On another occasion, Hancock was called before George Carey, later Archbishop of Canterbury but then Bishop of Bath and Wells, after being overheard using intemperate language. “I got off lightly,” recalled Hancock. “After all, we had been at the same crammers together.”
Reginald Legassicke Hancock (always known as Rex) was born on May 9, 1928 at Norton Fitzwarren in Somerset. The family later moved to Rhyll Manor, near Dulverton. During the war, the hounds were looked after by his mother and two other redoubtable Exmoor ladies (“If they had been men, they would have been generals,” Hancock said).
Educated at Winchester, he went on to Trinity College, Cambridge, where he read History and was master of the Trinity Foot Beagles; he used to say that he had “a first-class degree in kennel management”.
His kennel huntsman there was Robert Foreman Gloate, Foreman after his father’s favourite hound. It was a habit Hancock would continue at christenings, and when parishioners could not think of a name for their child he would get out the Foxhound Kennel Studbook.
In the early 19th century Hancock’s family had established, at Wiveliscombe, the largest brewery in the south-west, and Rex was a bachelor of independent means. He was ordained in 1960, and for two years served as curate of Christ Church, north Finchley.
One of his mentors was the controversial Bishop of Woolwich and author of Honest to God, John Robinson, who instilled in him the belief that if God was not “up there” at least he was “outthere”. “Hunting has got nothing to do with the law,” Hancock once said. “We hunt fox and deer by the Grace of God.”
In August 1963 Rex was commissioned as a Chaplain to the Forces (CF), where he spent the next 20 years with spells as Padre to many of our Regiments throughout the UK, BAOR, Cyprus, Sharjah and Bahrain.
He was padre with the The Queen’s Own Hussars and the Queen’s Royal Irish Hussars before their amalgamation in 1993.
Stationed in Northern Ireland in the late 1960s, he managed to get several days’ leave to hunt with the Galway Blazers, then under the mastership of Captain Brian Fanshawe, Roman Catholic clerics whom he met on the hunting field delivered the verdict: “He rides quite well for a Protestant.”

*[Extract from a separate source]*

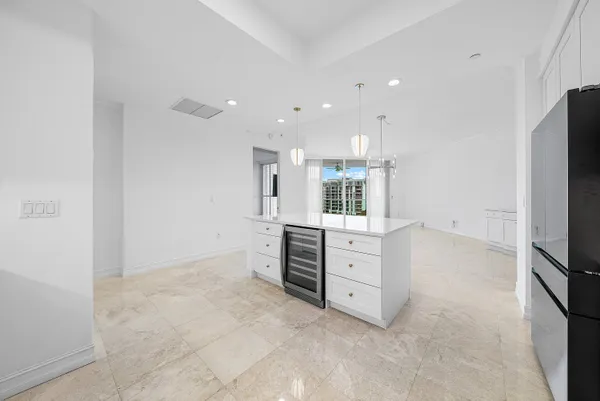 $6,800 | 550 Southeast Mizner Boulevard, Unit B906, Boca Raton, FL 33432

In 1982 Hancock began 11 years as rector of Quantox Head and seven parishes on Exmoor. He was much in demand to give funeral addresses, some people even writing into their wills that he should be selected for the task.
To the end of his life Hancock followed the staghounds, the Exmoor foxhounds and the Minehead harriers. His riding career came to an end at the age of 72 when he broke his ankle while conducting a funeral. “You got away this time, but I’ll get ‘e in the end.” The undertaker told him at the time.
Hancock was generous with both his time and his home, Stowleys, near Watchet; every year the Watchet Town Brass Band performed in his four-acre garden to raise funds for charity. His favourite flowers were his old English roses, and his favourite songs the theme tunes to Aces High and The Dam Busters. He took much pleasure in conducting the Band for the Dam Busters.
At his own expense, Hancock restored the pretty Exmoor church at Lilstock St Andrew, and it had been his intention to be buried there. Shortly before he died, however, he changed his mind and decided to be buried in Porlock, on what was to be the 51st anniversary of his ordination. “I want to be amongst my friends,” he said.